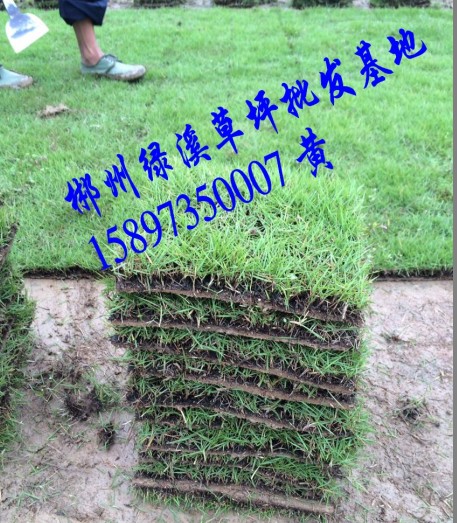【湖北草皮】湖北马尼拉草皮价格 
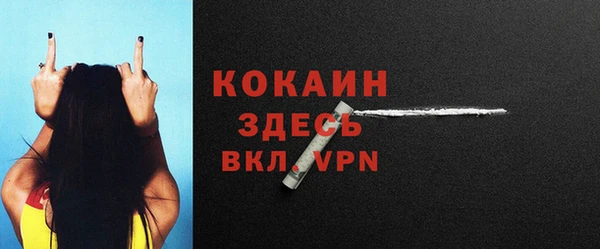 гидра Верея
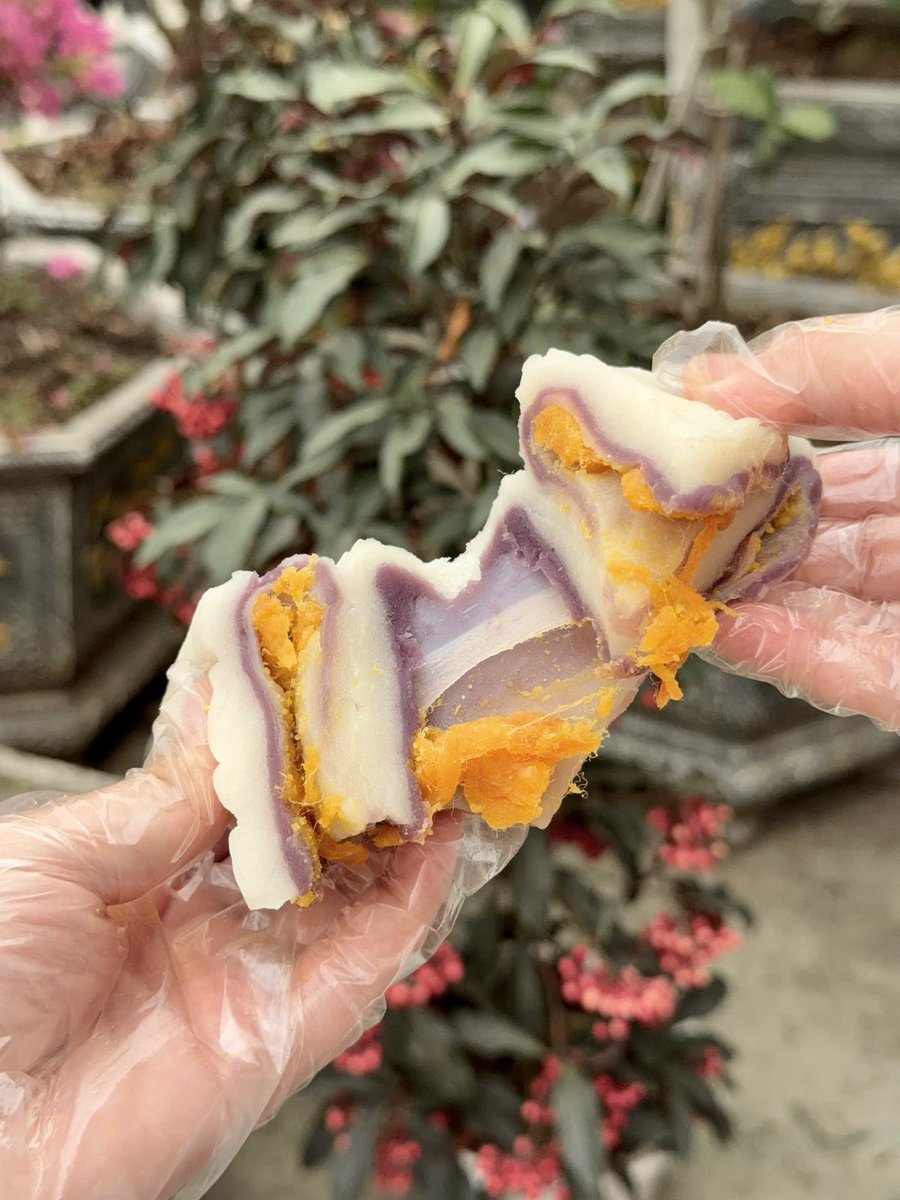 Phạm Na | DDA tweet media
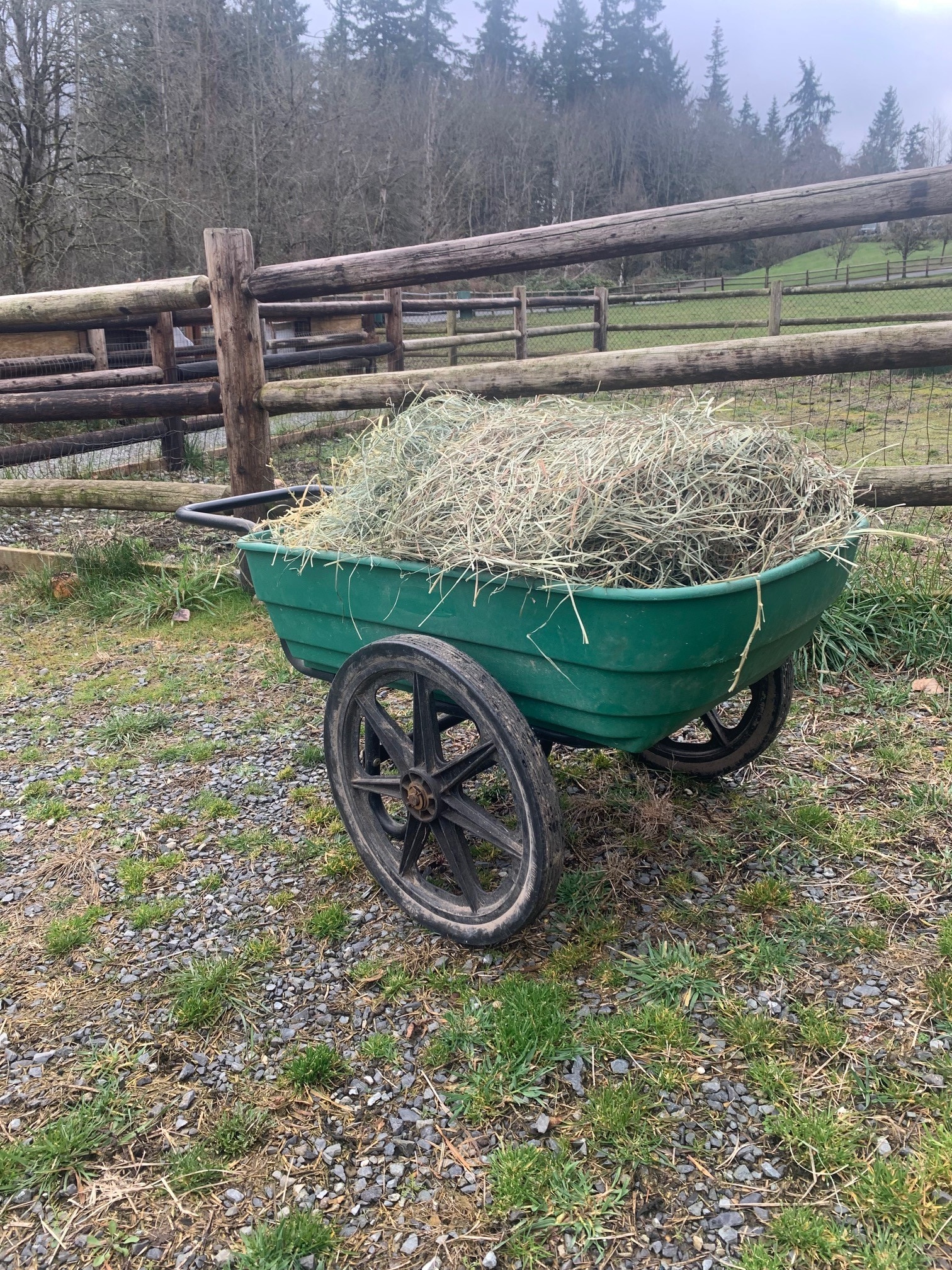 Garden Star 70281 Yard-Carts - View #3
=-=-=-=-=
[Your instructions]
Retype, word for word, the line containing "Phạm Na | DDA tweet media" and each line after it through the end of the data, leaving any picture out.

[Reply to the task]
 Phạm Na | DDA tweet media
 Garden Star 70281 Yard-Carts - View #3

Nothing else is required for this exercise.